La nouvelle était d’autant plus réjouissante pour le producteur qu’à aucun moment, depuis son installation aux Marquises (« On s’écrivait. Il me manquait… »), il n’avait tenté de faire pression sur l’artiste. Il le connaissait trop bien, du reste, pour ignorer qu’une telle démarche n’aurait pu que se révéler contre-productive. Simplement, expliquera-t-il, « j’avais envie qu’il fasse encore un disque, et Charley en avait envie aussi. Évidemment, M. Barclay veut faire de l’argent. Évidemment, M. Marouani veut toucher son pourcentage. Évidemment, nous sommes de vieux routards, de sacrés marchands… C’est ce qui s’est murmuré. Quelle erreur ! De l’argent, on en faisait de toute façon avec Brel, ses disques continuant de se vendre avec une régularité implacable. Charley et moi trouvions seulement dommage qu’il n’y ait pas, encore une fois, un petit supplément de ce talent immense[282] ».
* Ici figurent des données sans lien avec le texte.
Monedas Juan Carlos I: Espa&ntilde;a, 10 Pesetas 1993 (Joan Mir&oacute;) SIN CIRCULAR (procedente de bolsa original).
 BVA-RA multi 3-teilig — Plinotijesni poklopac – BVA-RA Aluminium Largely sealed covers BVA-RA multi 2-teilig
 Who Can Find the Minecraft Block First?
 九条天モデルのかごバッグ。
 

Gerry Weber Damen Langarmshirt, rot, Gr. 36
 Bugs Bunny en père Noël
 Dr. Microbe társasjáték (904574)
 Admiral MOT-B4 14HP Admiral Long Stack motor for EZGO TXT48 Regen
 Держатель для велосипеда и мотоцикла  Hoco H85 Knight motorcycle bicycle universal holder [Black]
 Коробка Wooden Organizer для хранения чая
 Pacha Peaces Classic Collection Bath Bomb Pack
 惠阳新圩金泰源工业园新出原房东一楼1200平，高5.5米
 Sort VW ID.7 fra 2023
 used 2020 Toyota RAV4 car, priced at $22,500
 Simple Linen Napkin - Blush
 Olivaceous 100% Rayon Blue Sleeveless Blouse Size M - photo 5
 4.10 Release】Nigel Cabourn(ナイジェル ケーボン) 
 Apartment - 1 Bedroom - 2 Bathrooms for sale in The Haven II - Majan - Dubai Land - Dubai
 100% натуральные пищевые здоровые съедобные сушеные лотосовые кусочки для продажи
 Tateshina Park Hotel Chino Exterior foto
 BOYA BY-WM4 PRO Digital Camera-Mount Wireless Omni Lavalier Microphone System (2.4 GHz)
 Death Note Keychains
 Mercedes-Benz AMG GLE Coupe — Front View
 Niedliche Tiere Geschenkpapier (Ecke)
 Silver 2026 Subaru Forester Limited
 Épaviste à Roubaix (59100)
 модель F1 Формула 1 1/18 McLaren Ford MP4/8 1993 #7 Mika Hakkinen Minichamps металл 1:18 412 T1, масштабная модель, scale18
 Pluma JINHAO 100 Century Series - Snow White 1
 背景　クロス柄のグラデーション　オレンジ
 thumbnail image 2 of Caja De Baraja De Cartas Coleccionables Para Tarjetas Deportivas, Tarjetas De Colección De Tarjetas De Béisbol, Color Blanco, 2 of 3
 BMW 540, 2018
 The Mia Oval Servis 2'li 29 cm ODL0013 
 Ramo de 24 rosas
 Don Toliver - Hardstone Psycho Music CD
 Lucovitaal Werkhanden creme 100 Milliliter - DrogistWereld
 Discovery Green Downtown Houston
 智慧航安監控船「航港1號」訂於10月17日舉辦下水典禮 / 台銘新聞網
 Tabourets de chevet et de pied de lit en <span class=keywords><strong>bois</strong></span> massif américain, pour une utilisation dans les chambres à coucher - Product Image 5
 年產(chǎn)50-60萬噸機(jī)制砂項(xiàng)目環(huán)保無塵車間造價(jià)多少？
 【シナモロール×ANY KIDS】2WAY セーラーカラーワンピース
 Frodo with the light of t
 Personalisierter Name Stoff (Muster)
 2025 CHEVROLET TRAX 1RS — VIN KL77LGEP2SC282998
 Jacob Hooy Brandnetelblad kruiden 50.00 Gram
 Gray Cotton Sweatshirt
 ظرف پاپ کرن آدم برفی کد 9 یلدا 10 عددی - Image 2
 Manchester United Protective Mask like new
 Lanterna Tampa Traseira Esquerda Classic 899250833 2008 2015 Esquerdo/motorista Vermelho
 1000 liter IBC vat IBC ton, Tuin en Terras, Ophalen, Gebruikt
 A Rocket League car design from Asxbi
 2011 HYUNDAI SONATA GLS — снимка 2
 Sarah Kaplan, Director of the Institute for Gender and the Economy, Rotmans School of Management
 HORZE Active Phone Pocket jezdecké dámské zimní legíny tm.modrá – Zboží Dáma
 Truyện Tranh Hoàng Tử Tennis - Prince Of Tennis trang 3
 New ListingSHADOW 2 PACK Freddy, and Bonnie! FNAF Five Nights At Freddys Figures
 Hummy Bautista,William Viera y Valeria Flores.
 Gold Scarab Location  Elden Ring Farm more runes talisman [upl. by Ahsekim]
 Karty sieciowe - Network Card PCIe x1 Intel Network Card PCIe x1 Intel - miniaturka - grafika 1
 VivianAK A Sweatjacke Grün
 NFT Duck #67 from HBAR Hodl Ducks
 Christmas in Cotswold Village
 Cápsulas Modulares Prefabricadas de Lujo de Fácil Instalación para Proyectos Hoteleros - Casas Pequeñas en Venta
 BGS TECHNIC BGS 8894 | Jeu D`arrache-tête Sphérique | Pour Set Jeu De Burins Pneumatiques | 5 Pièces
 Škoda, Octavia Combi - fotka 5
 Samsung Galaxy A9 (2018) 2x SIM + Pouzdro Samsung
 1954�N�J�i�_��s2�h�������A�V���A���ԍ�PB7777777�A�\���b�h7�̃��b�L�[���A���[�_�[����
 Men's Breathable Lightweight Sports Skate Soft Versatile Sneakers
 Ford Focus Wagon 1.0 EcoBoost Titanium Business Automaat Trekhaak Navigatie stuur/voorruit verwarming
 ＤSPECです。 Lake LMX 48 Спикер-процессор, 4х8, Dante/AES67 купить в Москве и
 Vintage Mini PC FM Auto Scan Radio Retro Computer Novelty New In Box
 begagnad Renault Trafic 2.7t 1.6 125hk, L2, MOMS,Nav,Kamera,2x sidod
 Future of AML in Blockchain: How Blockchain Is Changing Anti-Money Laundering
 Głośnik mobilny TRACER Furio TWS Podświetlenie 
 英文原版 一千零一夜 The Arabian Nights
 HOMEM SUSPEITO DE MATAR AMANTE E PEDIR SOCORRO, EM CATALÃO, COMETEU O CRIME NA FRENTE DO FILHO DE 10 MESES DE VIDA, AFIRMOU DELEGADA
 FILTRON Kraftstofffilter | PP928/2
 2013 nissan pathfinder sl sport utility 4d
Pour tout bagage, en vue du travail en studio, Jacques n’emporte qu’une cassette enregistrée à domicile, où il a rassemblé ses créations de l’année, accompagnées à l’orgue ou à la guitare : dix-sept chansons « marines » surgies au milieu du Pacifique. Des chansons que Jacques a expédiées au fur et à mesure, depuis la poste d’Atuona, à son fidèle orchestrateur François Rauber : « Contrairement aux autres disques de Jacques auxquels j’ai collaboré, celui-ci, je l’ai reçu par cassettes — qui arrivaient des Marquises — enregistrées d’une façon artisanale[283]. » Avec Gérard Jouannest qui les découvre à la suite de Rauber, d’abord impatients et curieux en l’attente des suivantes, ils se montrent vite admiratifs. « Chez Jacques, constatera François Rauber, les sujets n’ont pas tellement changé : il les avait déjà. Cette générosité, ce culte de l’amitié, cet amour de l’autre… Tout cela existait, mais différemment, d’une façon plus simple au début pour devenir, à la fin, des monuments[284] ! » Dix-sept chansons, dont une encore au stade de texte, Vieillir (Gérard Jouannest en cosignera la musique), et deux monologues. Mais, avant de débarquer dans la seconde quinzaine d’août à Roissy-Charles-de-Gaulle, Jacques et Maddly s’offrent trois escales. À Los Angeles d’abord, où l’on remet à l’auteur-compositeur un disque d’or pour la version américaine Seasons in the Sun, du Moribond, popularisée aux États-Unis par le crooner Andy Williams. Puis à Caracas et à la Guadeloupe, le temps de rendre visite à la famille de Maddly.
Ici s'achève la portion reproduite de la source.